◆ The task: Search the records for the word "plate" and report each line that has it.

◆ Records for the exercise:
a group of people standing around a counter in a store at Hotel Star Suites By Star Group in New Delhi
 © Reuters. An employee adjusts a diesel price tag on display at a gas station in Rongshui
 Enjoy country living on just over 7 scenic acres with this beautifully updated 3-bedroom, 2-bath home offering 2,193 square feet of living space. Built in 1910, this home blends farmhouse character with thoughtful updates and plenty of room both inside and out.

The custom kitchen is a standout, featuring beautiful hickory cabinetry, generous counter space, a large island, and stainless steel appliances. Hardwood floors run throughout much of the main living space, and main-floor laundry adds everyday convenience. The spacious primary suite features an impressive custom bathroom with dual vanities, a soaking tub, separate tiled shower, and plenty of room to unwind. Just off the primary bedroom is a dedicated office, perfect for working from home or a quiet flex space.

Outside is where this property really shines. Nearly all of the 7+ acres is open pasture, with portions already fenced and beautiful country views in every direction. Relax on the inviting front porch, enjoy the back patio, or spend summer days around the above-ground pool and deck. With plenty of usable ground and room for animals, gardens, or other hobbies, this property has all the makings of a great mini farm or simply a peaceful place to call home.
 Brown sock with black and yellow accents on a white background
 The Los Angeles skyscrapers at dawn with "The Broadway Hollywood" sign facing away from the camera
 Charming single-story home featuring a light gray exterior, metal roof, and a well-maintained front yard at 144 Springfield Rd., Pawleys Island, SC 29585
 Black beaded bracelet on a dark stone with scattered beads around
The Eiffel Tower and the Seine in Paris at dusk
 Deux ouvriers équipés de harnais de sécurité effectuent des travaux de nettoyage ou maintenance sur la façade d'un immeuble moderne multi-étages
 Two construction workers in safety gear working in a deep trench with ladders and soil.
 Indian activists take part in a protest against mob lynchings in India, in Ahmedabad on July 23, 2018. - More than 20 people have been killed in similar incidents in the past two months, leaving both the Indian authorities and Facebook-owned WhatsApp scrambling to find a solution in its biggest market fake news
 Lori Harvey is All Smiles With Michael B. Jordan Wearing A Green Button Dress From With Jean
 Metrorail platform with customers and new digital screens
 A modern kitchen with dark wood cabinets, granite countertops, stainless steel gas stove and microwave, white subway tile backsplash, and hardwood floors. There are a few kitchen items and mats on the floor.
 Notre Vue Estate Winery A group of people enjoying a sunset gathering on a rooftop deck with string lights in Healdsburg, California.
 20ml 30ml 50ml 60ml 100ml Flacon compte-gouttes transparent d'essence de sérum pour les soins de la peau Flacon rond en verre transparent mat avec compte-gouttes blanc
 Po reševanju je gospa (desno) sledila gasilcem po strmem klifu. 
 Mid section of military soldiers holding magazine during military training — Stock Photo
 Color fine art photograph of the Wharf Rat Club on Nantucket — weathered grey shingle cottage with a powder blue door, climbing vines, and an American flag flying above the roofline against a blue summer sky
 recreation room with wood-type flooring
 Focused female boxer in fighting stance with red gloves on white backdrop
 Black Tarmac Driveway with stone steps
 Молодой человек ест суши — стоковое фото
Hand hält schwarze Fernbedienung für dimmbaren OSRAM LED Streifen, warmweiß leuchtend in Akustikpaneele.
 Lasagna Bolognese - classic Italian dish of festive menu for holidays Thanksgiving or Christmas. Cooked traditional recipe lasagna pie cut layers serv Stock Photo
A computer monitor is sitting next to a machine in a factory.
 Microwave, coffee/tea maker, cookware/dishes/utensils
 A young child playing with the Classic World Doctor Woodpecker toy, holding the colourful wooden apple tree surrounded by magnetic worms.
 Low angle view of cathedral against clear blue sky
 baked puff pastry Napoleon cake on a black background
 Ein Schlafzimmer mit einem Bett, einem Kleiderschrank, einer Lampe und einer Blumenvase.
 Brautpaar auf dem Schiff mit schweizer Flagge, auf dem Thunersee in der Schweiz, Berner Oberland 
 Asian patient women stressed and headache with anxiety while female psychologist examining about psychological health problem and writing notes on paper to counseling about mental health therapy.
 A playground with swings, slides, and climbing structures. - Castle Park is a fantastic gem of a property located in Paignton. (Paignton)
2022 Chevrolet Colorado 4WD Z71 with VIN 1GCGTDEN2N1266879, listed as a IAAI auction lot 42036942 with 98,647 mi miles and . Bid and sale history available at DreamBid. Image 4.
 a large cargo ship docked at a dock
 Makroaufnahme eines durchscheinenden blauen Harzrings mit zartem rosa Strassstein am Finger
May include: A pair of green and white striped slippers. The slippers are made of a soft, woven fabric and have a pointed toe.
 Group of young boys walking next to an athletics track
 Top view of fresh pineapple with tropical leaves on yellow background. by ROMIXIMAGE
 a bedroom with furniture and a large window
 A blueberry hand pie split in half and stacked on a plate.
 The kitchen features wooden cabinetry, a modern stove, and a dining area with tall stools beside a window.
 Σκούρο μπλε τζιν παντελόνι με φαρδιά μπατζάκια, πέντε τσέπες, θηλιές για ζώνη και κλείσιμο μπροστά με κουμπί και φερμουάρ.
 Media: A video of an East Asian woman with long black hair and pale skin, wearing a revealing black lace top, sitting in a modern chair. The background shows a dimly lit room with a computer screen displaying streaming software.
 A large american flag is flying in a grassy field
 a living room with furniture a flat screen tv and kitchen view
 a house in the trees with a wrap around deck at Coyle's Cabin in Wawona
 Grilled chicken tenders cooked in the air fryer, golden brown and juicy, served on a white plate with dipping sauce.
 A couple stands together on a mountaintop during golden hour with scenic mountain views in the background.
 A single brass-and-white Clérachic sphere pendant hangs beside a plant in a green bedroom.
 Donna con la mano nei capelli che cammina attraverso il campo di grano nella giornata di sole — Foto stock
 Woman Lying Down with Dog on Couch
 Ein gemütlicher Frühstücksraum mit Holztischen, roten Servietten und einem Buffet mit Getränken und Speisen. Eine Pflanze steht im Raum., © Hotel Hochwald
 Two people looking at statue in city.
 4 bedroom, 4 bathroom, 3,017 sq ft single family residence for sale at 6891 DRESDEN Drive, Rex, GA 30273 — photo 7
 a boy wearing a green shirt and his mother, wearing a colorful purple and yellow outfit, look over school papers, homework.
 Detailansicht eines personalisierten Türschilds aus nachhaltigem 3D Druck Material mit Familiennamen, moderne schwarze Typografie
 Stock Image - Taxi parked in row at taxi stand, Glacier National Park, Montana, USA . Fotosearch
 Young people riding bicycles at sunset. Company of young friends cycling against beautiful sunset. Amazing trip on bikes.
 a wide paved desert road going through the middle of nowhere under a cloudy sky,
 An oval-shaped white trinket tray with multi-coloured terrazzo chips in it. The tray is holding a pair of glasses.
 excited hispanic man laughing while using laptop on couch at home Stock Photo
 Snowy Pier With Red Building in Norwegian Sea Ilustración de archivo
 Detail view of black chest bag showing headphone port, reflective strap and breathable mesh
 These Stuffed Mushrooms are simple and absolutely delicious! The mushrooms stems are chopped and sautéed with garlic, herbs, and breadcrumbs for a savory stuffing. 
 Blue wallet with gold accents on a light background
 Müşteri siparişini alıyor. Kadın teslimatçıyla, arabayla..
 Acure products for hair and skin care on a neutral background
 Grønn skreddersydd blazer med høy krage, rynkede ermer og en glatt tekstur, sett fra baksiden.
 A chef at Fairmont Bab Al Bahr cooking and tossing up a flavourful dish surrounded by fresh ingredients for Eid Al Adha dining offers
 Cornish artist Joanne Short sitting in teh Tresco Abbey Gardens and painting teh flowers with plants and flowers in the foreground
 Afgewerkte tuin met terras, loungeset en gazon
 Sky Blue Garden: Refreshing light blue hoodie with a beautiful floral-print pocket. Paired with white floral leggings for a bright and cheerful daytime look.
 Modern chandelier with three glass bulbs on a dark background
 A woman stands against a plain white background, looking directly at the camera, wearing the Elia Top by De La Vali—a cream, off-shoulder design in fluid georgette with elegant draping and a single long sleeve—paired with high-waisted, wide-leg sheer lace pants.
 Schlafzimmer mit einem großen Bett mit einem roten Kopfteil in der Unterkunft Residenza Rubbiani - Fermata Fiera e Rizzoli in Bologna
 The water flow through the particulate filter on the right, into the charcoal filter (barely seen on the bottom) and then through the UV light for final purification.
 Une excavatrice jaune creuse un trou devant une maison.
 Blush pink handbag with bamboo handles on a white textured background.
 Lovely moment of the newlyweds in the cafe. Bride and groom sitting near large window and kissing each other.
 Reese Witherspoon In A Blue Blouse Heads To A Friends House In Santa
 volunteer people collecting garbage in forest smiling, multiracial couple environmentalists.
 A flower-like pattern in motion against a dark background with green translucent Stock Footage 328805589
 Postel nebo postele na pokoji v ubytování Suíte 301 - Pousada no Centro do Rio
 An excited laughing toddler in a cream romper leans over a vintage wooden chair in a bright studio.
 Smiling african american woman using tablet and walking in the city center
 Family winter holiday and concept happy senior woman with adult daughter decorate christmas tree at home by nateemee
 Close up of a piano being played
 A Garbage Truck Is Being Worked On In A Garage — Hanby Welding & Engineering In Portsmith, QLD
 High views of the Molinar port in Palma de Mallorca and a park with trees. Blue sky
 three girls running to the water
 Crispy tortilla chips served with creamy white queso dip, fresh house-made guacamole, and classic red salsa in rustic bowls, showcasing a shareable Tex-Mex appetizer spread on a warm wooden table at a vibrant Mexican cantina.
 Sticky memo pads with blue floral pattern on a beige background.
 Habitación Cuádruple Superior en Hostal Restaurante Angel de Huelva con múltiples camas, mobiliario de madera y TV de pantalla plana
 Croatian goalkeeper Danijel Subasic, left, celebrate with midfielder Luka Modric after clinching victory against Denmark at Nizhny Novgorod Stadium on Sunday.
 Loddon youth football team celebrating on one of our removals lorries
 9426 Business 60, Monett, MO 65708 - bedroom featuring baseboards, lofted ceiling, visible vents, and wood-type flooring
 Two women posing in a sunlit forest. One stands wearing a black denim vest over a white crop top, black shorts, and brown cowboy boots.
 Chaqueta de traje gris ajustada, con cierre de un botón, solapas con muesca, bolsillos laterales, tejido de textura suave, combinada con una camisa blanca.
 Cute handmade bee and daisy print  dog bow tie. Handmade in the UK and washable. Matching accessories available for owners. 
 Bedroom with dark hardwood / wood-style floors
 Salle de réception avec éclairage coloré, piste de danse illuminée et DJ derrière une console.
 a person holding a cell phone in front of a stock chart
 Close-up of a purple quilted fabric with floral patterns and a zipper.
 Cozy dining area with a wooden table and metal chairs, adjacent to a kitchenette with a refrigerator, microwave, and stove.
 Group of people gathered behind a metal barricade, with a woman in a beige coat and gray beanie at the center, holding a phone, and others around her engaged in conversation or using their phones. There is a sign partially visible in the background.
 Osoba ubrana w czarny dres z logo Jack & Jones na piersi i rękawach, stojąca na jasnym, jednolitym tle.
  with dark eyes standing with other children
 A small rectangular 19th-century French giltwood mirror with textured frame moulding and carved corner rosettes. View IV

◆ Written solution:
 A blueberry hand pie split in half and stacked on a plate.
 Grilled chicken tenders cooked in the air fryer, golden brown and juicy, served on a white plate with dipping sauce.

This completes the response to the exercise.